*** Source data ***
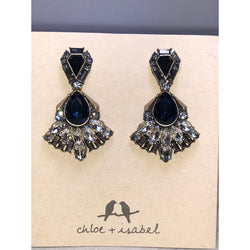 CHLOE + ISABEL midnight crystal statement drop earrings - E314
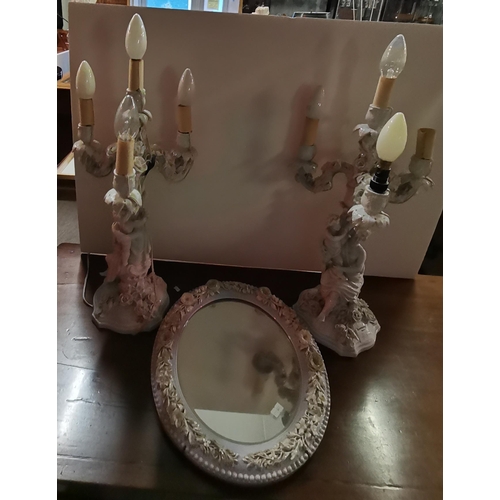 38 - A Pair of Meissen candelabra lights with women holding child design  plus Antique Meissen Oval Table... 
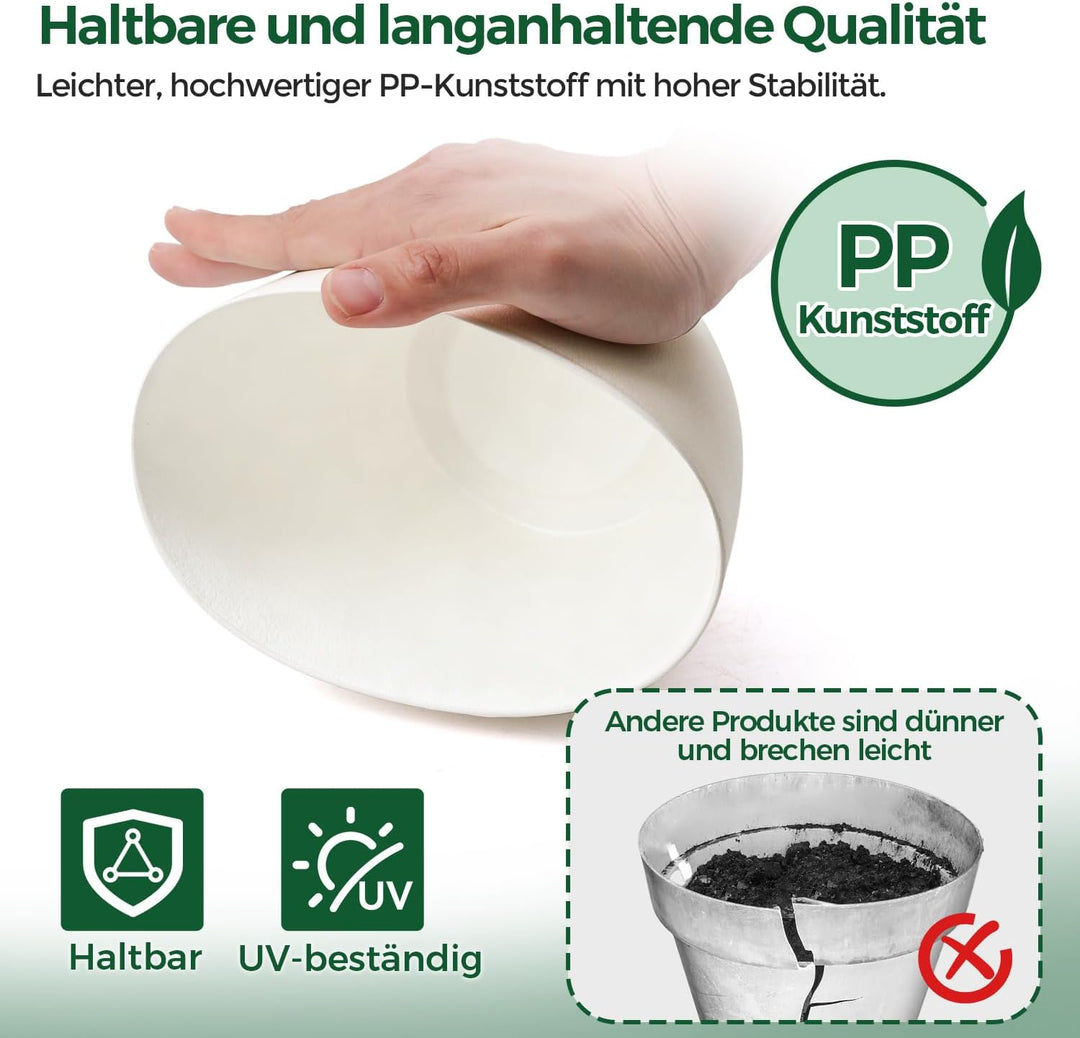 T4U 2Pcs 20cm Selbstbewässerungstopf mit Wasseranzeiger, Praktischer Blumentopf für vielbeschäftigte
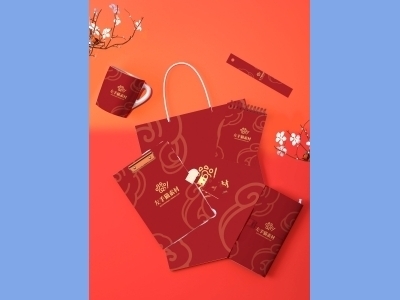 中国风新年文创样机套装包装贴图组合毕设作品产品效果图展示PSD手提袋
*** End of Source data ***
◆ What the task requires
Your copy should hold exactly and only the lines from the one containing "38 - A Pair" through the end of the material, inclusive, repeated word for word and without pictures.

◆ Exercise output
 38 - A Pair of Meissen candelabra lights with women holding child design  plus Antique Meissen Oval Table... 
 T4U 2Pcs 20cm Selbstbewässerungstopf mit Wasseranzeiger, Praktischer Blumentopf für vielbeschäftigte
 中国风新年文创样机套装包装贴图组合毕设作品产品效果图展示PSD手提袋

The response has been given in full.